Annotating types explicitly can serve a purpose.

* Enforce conversions
* Very rarely: help the compiler infer types in tricky situations

However, more often than not it is an indication of suboptimal code design. (It also makes functions much less generic and reusable!)

## Note for heterogeneous HPC clusters

By default, Julia produces native code for the CPU type it is running on. This means that it uses the [Instruction Set Architecture (ISA)](https://en.wikipedia.org/wiki/Instruction_set_architecture) of this CPU.

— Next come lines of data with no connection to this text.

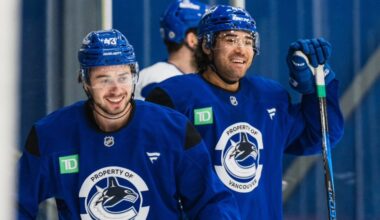 The NHL Issues a Significant Statement about Vancouver Canucks Stars Quinn Hughes & Kiefer Sherwood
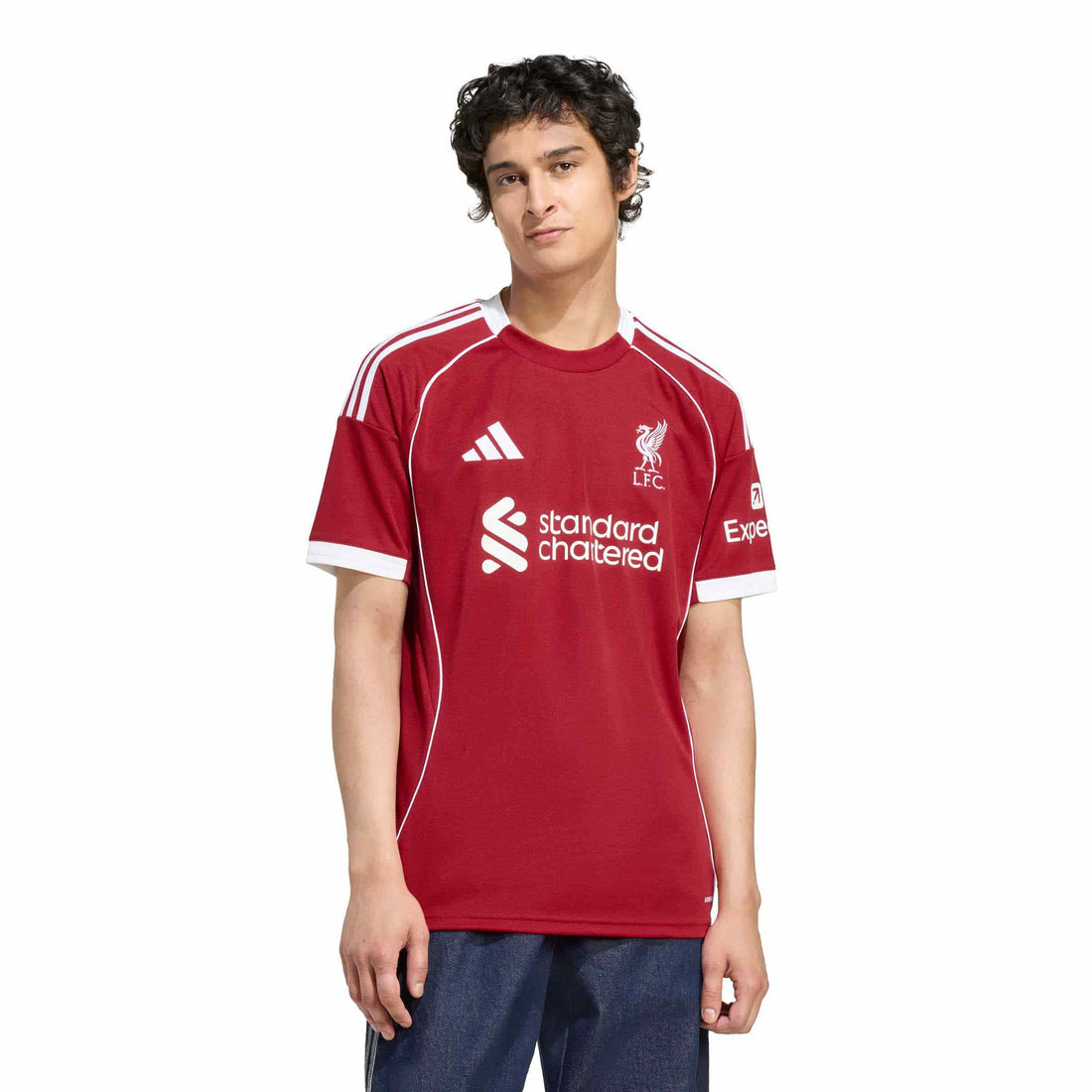 Liverpool FC 25/26 Home Jersey Official Jerseys adidas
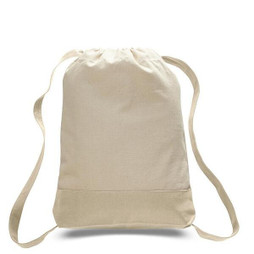 Q-Tees Q125700 - Canvas Sport BackPack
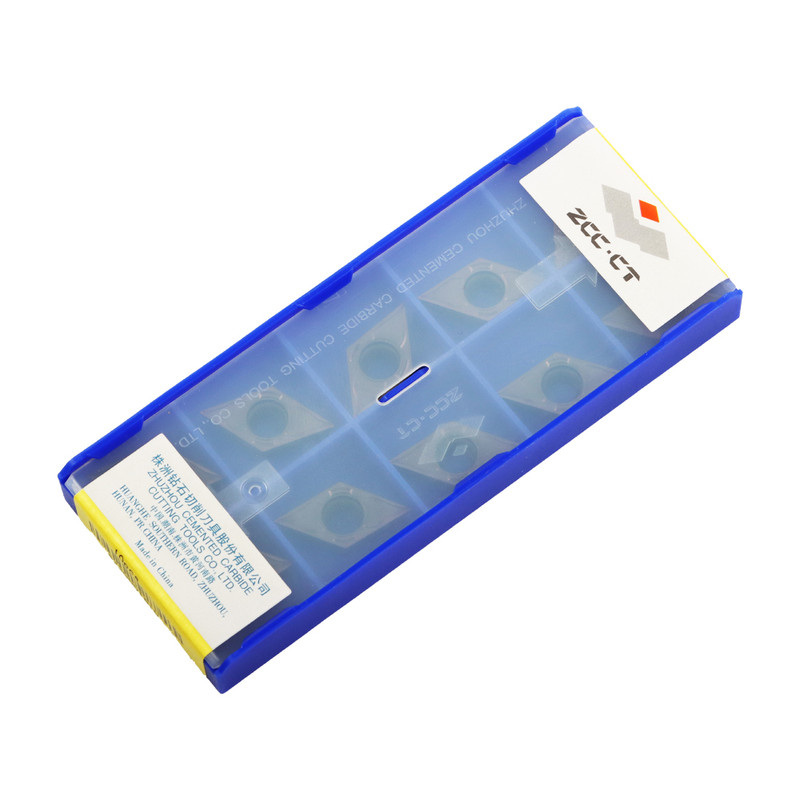 اینسرت زد سی سی مدل DCMT11T302-EF کد YBG202 بسته 10 عددی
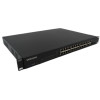 SAMSUNG Ubigate IES4028FP 24 PoE Ehernet Switch - W/ Ears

This can lead to issues on heterogeneous clusters where different nodes have different CPU types. E.g. you precompile Julia packages on a login node with an Intel CPU but want to run the code on a compute node with AMD CPUs.

**Solution: Multiversioning**

```julia
export JULIA_CPU_TARGET="generic;zen2,clone_all;skylake,clone_all"
```

This will compile a generic (but slow) variant as well as efficient variants for AMD Zen2 and Intel Skylake CPUs.

# Core messages of this Notebook

* **A function is compiled when called for the first time** with a given set of argument types.
* The are **multiple code transformation steps** which can be inspected through macros like `@code_warntype` or `@descend` from Cthulhu.jl.
* What makes Julia fast? Successful **Type inference** → **Specialization** → **Compilation**.
* Functions should almost always be benchmarked with **BenchmarkTools.jl's `@btime` and `@benchmark`** instead of `@time`.
* In virtually all cases, **explicit type annotations are irrelevant for performance**.